→ Information
####################

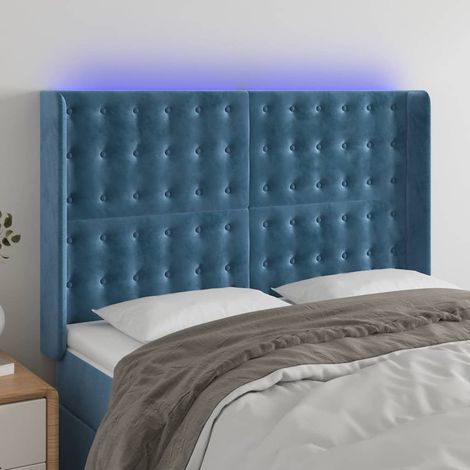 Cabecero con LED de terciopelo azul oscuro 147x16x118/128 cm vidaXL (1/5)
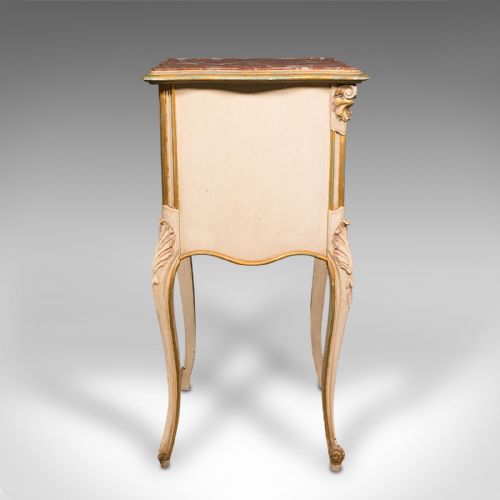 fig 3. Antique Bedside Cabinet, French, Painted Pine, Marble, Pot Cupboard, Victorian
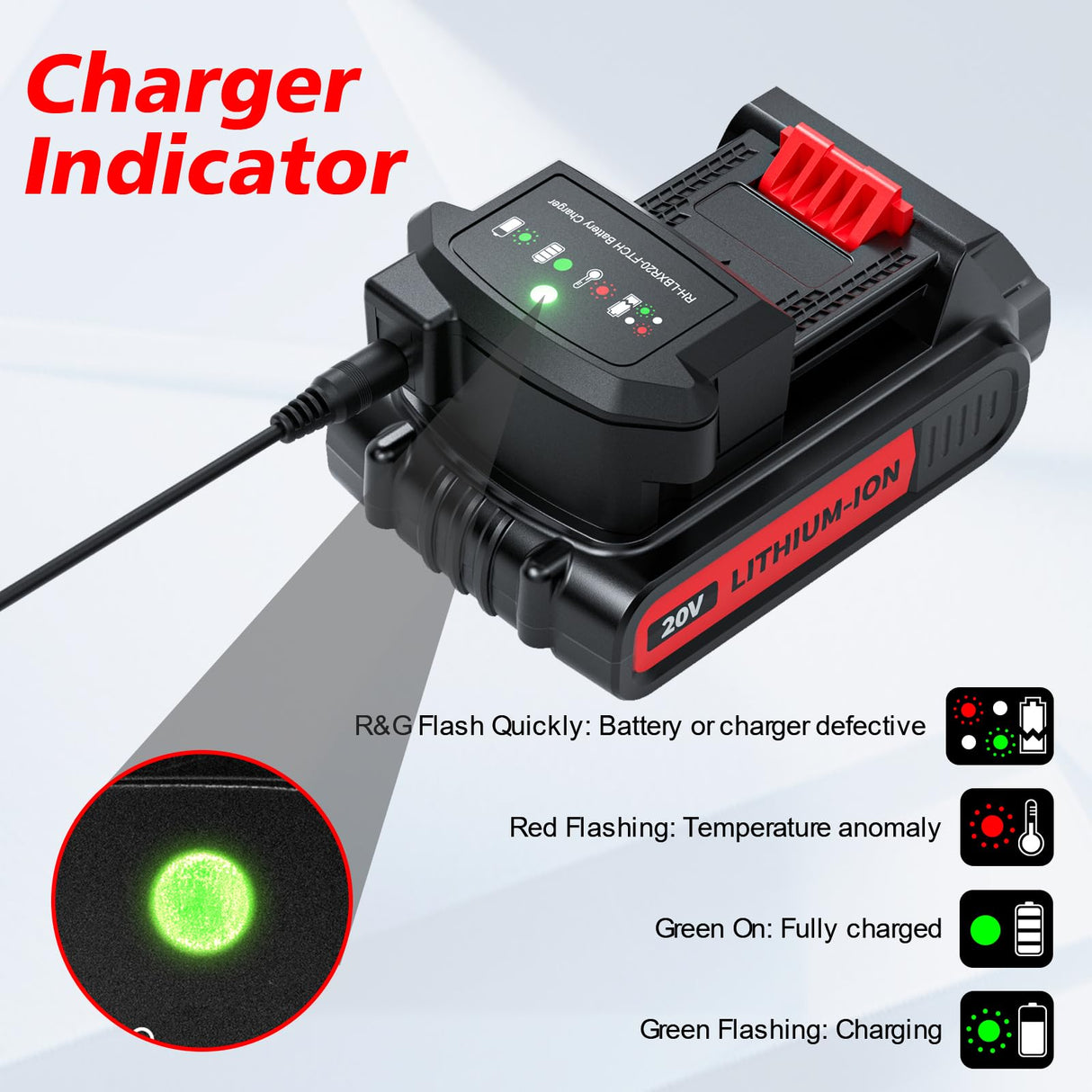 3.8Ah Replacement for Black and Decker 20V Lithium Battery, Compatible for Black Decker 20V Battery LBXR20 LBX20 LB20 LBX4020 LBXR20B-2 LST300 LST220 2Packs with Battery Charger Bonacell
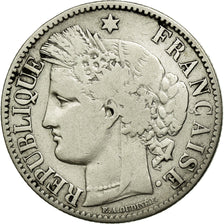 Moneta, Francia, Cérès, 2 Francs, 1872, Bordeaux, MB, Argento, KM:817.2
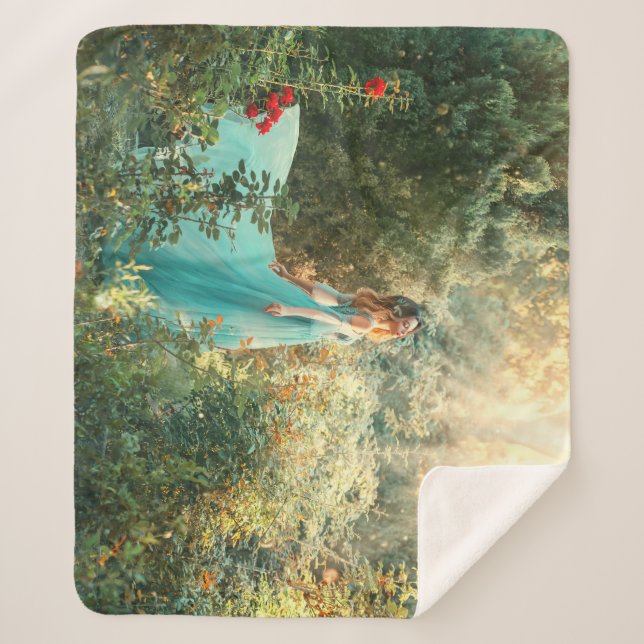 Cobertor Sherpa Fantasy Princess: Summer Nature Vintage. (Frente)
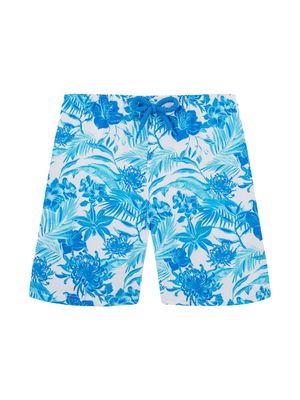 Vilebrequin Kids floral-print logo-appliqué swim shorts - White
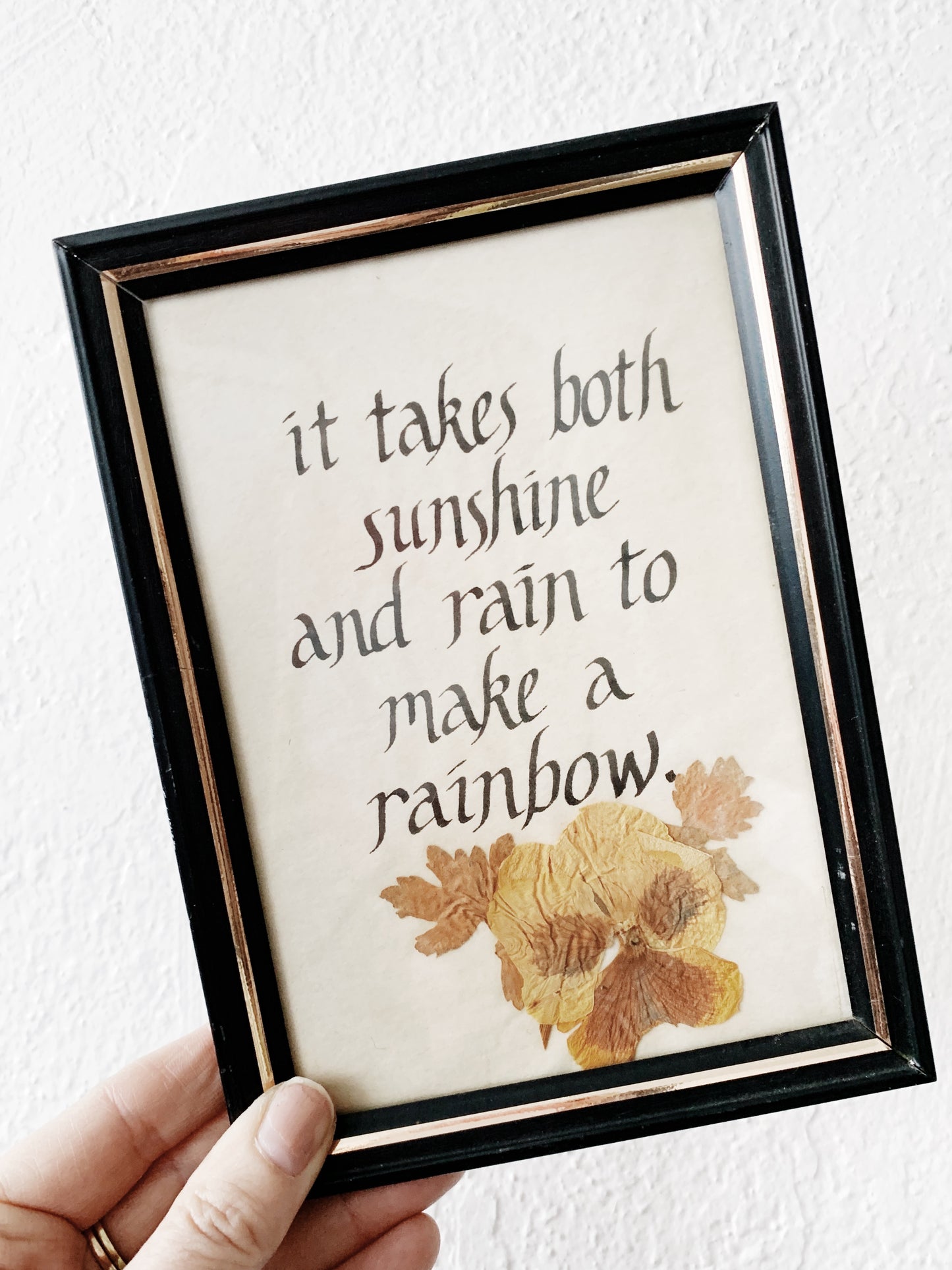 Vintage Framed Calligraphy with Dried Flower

####################

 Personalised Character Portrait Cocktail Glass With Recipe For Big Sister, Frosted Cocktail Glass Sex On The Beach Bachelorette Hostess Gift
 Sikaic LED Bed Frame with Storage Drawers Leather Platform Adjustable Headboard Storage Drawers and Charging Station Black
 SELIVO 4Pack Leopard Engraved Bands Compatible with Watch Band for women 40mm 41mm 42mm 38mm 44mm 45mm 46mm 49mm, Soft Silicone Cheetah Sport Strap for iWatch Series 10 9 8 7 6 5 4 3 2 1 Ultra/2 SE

####################

→ Task to carry out
Above are the records. Copy the lines beginning at the one that has "Personalised Character Portrait" and ending with the one that has "SELIVO 4Pack Leopard", unchanged.

→ Answer area
 Personalised Character Portrait Cocktail Glass With Recipe For Big Sister, Frosted Cocktail Glass Sex On The Beach Bachelorette Hostess Gift
 Sikaic LED Bed Frame with Storage Drawers Leather Platform Adjustable Headboard Storage Drawers and Charging Station Black
 SELIVO 4Pack Leopard Engraved Bands Compatible with Watch Band for women 40mm 41mm 42mm 38mm 44mm 45mm 46mm 49mm, Soft Silicone Cheetah Sport Strap for iWatch Series 10 9 8 7 6 5 4 3 2 1 Ultra/2 SE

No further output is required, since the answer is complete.